'US shutdown will have strong impact on Phl economy'
MANILA, Philippines - The shutdown of the United States government following the deadlock between Democrats and Republicans in Congress will have a strong impact on the Philippine economy if the situation is prolonged, an economist said.
"If the shutdown will prolong it will definitely affect the exports and investment in the country," economist Cid Terosa from the University of Asia and the Pacific told philstar.com.
The White House on Tuesday has ordered the closure of government offices across the country after the Republican-led House of Representatives in the U.S. failed to get the Democrat-controlled Senate's approval of a spending bill that includes budget cuts from President Barack Obama's landmark Affordable Care Act.
The shutdown will put about a million U.S. workers into unpaid leave and will close a number of government agencies.
(Related story: US government shuts down as Congress misses deadline)
Terosa said with the shutdown, economic and business activity in the U.S will slow down, affecting their export and investment activities worldwide.
"Definitely the impact will be strong because the U.S. is a major trading partner and the U.S. has major investments in the Philippines," he said.
As of July this year, the U.S. accounted for a 12.6-percent share in the total merchandise exports of the Philippines, translating to earnings worth $610.84 million.
Terosa said the Philippines is left with nothing but the option to diversify its exports and investments portfolio to minimize the effects of the shutdown.
Bangko Sentral ng Pilipinas Gov. Amando Tetangco, Jr. said the immediate impact of the shutdown would be on global and domestic market volatility, as investors move from risky assets to safe haven assets.

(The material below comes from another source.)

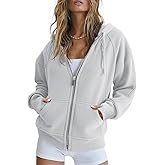 Fisoew Womens Zip Up Sweatshirts Fleece Lined Collar Crop Hoodie Casual Cotton Long Sleeve Tops with Thumb Hole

"The markets will watch the speed and form of the resolution. The domestic economy has sources pf resilience owing to the buffers we have built. We will continue to watch how the developments in the U.S. will pan out. We will, as is our policy, maintain a presence in the markets if the domestic market reaction leads to excessive volatility," Tetangco said.

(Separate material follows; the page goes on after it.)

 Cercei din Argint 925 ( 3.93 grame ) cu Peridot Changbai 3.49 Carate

For his part, Department of Finance Secretary Cesar Purisima said the Philippines will go through the U.S. government shutdown better than most countries.
“Fortunately for the Philippines, we enjoy a strong fiscal position, a structural current account surplus economy whose growth is led by consumption, and a young, educated population. This will allow the Philippines to ride out this situation better than other emerging markets - whose economic models are exports and extractives-based," he said.
Purisima, however, expressed concern on the looming debt ceiling deal, which will again test the ability of U.S. lawmakers to strike a compromise.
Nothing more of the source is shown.